As a result of recent funding awarded by the U.S. Department of Energy’s (DOE) Office of Fossil Energy and managed by the National Energy Technology Laboratory (NETL), the National Carbon Capture Center will serve as the test facility for two new carbon capture research and development (R&D) projects – including the facility’s first evaluation of direct air capture (DAC) technology.

“As the first DAC technology designated to come to the center for testing, this project represents an expanded focus for the facility as we seek to incorporate negative carbon concepts into our research strategy,” said National Carbon Capture Center Director John Northington. “We look forward to working with the SSEB on this promising new DAC technology and moving it from basic research toward pilot-scale and larger demonstrations.”

In the first award, the Southern States Energy Board (SSEB) will lead a $3.1 million public-private partnership to scale up a solid-amine carbon dioxide (CO2) adsorption-desorption contactor technology that has been proven in the laboratory. The team’s ultimate goal is to decrease the cost of DAC through testing existing DAC materials in integrated field units that produce a concentrated CO2 stream of at least 95% purity.

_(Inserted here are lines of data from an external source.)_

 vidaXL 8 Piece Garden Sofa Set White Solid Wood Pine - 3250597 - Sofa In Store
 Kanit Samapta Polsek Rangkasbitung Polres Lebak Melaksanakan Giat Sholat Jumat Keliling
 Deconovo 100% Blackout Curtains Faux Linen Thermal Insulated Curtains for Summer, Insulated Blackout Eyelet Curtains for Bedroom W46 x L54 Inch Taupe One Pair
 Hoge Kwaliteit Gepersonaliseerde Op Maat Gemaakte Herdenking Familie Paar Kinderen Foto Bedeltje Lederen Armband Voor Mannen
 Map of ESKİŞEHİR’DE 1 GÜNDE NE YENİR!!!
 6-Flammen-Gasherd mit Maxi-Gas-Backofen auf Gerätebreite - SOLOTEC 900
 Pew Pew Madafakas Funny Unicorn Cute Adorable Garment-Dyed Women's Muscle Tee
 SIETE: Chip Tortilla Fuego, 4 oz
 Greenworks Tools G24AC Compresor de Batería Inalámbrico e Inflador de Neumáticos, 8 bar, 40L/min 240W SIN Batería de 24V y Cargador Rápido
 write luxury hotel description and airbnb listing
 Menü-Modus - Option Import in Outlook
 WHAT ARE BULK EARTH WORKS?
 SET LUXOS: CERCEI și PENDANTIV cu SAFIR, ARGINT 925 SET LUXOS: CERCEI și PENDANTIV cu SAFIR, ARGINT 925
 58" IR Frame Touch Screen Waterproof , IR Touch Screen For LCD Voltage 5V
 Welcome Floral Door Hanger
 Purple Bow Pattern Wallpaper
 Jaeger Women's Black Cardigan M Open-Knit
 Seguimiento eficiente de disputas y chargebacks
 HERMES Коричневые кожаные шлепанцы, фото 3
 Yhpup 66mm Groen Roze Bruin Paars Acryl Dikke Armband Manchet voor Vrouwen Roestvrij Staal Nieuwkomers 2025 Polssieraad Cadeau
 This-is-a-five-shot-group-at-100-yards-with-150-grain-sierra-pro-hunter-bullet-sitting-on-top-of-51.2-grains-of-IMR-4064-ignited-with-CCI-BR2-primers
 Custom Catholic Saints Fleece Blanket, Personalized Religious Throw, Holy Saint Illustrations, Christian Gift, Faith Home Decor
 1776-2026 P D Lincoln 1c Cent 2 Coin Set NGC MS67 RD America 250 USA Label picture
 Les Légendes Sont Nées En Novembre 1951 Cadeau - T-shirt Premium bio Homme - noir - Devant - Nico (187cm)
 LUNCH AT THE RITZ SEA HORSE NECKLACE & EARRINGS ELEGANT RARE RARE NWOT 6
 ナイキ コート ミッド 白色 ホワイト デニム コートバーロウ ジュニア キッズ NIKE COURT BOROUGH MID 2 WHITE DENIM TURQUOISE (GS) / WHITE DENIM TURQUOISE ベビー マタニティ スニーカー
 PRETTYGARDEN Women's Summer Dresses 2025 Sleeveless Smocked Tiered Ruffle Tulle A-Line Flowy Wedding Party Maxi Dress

DAC includes emerging technologies that separate CO2 directly from ambient air; captured CO2 can then be safely and permanently stored underground or used in the production of fuels, chemicals and commercial products such as building materials and beverages. DAC is seen as an important technology pathway toward achieving economywide decarbonization.

In the area of post-combustion carbon capture, DOE awarded $4 million in funding to the Electric Power Research Institute (EPRI) for carbon capture testing on natural gas and coal flue gas. The project will demonstrate the performance of a novel water-lean solvent and develop a cost-effective method for synthesizing sufficient quantities of solvent to perform a 0.5-megawatt test at the center.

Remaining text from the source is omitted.